Nothing wrong with a separation. You change nothing nothing change.

Or you continue your live your life with this lump.


----------



## 2become1 (Dec 26, 2017)

Sounds more of a roommate. So sad...


----------



## Davidmidwest (Nov 22, 2016)

Hi,

Read Dr. Laura's book first. Find a way to re-kindle, get him a check up. Depression and diabetes can effect libido. Diabetes and the hard work to control sugars can make one depressed. It makes me depressd. Viagra and Cialis helps a little bit. but romance, feeling appreciated, just enjoying being touched and taking ones time can improve the bedroom stuff. It is hard, see a sex therpist, a m.D.together, and marriage therapist. Choose one from the Gottman institute. Anyone not recommended from that institute will mostlikely be the ruin of your marriage. Good luck.
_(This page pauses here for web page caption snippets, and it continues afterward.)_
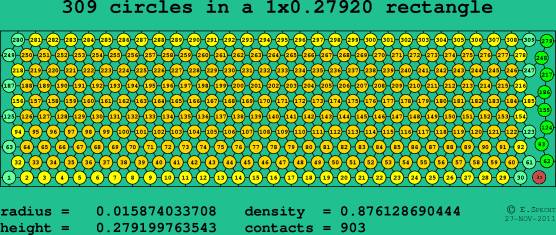309 circles in a rectangle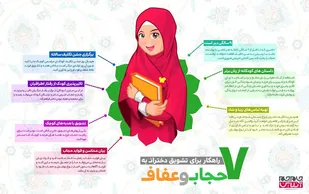 مسابقه کتابخوانی &laquo;مرواریدی در صدف&raquo; برگزار شد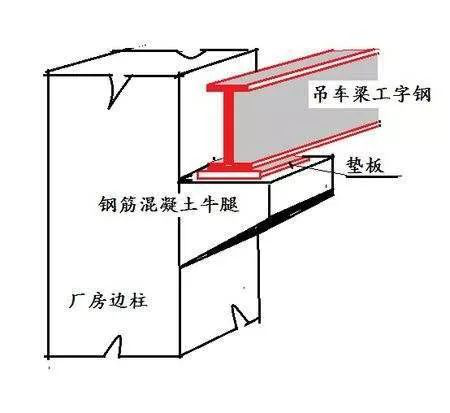 吊车梁系统的加固包括吊车梁,制动结构,辅助桁架,支撑和各种连接的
I sure wish I had a wife like you. whatever you do talk to your girlfriends and don't confide in a man outside the marriage or else you will succomb to an affair. 

Here is a life line, but both must want it...
Good luck
David.

You both need to listen to the audio CD book by Dr. Laura Schlessinger, Proper Care and Feeding of Marriage. and all the mariage books by John Gottman, P.H.D. It will be the best thing you ever do for each other, Give love and appreciation as if you were to see your spouse the last time. You will get 100 x more love in return, It works.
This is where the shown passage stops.